While Mr. Cuccinelli has not endorsed anyone in the presidential race, he did vote in the Virginia Republican primary on Super Tuesday — though he refused to say whether he supported Mr. Romney or Rep. Ron Paul of Texas, the only two choices on the state’s primary ballot.
The 43-year-old attorney general has become one of the leading state-level advocates for federalism and has spearheaded the legal challenge to the federal health care overhaul, as well as against the Environmental Protection Agency’s claim that it can regulate fossil-fuel burning as pollution based on the threat to people from global warming.
The efforts have earned him national recognition, made him a rising star of the conservative movement and boosted him as he decided to run for governor next year — pitting him against Lt. Gov. Bill Bolling.

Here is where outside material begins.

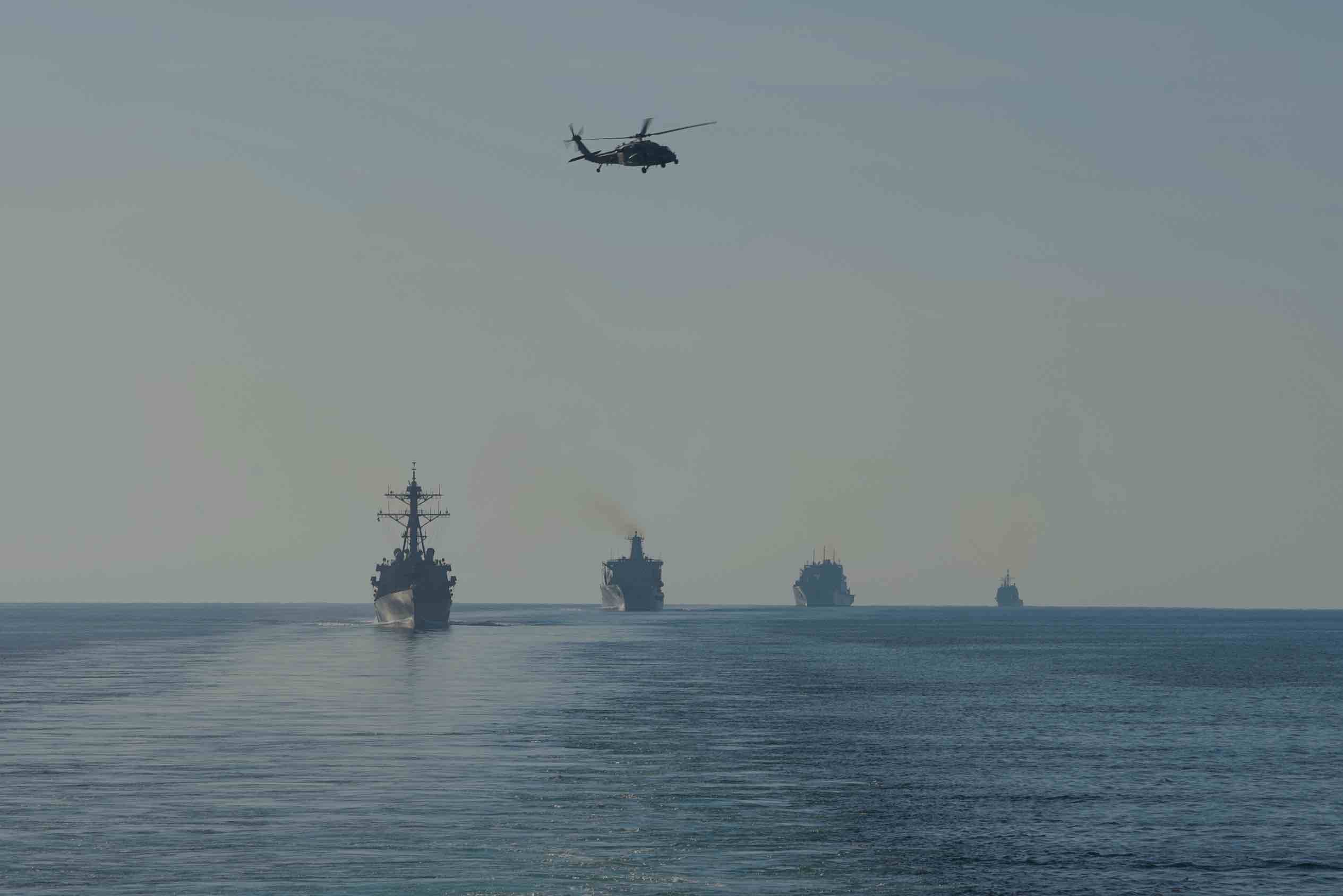U.S. Navy ships transit the Strait of Hormuz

Mr. Cuccinelli said he is now hoping to get a seat in the audience at the U.S. Supreme Court later this month, when the justices hear three days of arguments over the sweeping health care overhaul. The challenge primarily centers on the constitutionality of the individual mandate, which requires every American to obtain health insurance or pay a penalty for not doing so.
“The question there is, does Congress’ power to regulate interstate commerce allow them to compel you to buy health insurance?” Mr. Cuccinelli said. “Our side obviously says, ’no,’ the federal government says ’yes,’ and there has never been a case like this ever before in the over 200 years since the Constitution was passed.”

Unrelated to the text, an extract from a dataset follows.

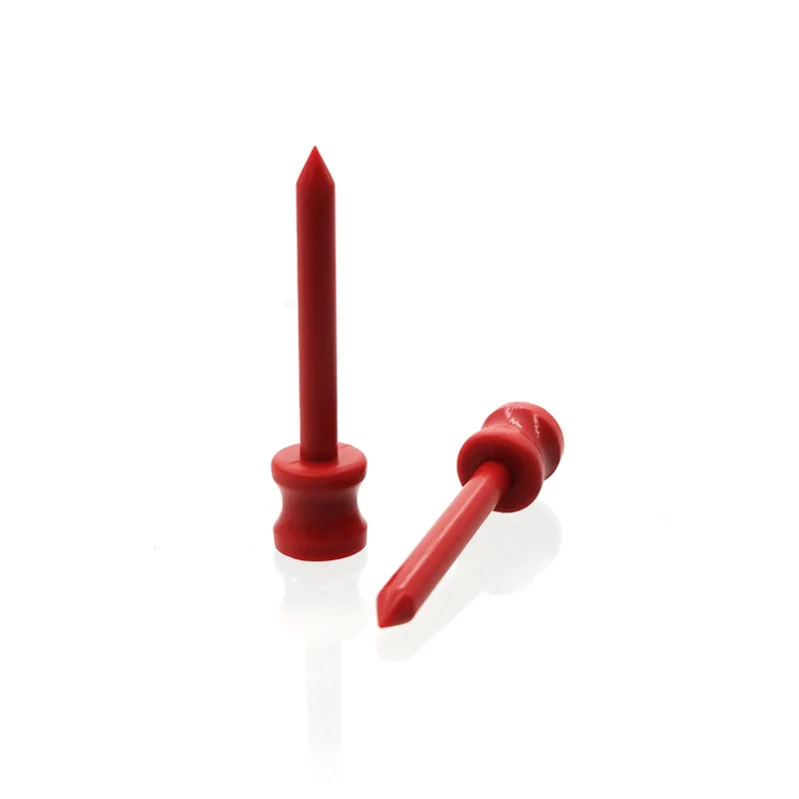 Two red plastic pins designed through injection molding, displayed on a white background.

With that as a backdrop, Mr. Cuccinelli said that it would be risky for Republicans take the potent issues of health care off the table, arguing that it was the “biggest political club” of the 2010 election, when the GOP won eight of Virginia’s 11 congressional seats.
Two years later, he said, the law still stands as a powerful symbol of what he called the Obama administration’s overreach.
“From a conservative standpoint, the downside of losing this race is almost too much to contemplate,” he said. “This president and this administration are the biggest lawbreakers to run the federal government in our lifetimes. They are trampling the states. They are suffocating economic opportunity the way they are functioning.”
The program was taped Thursday and is scheduled to air Sunday.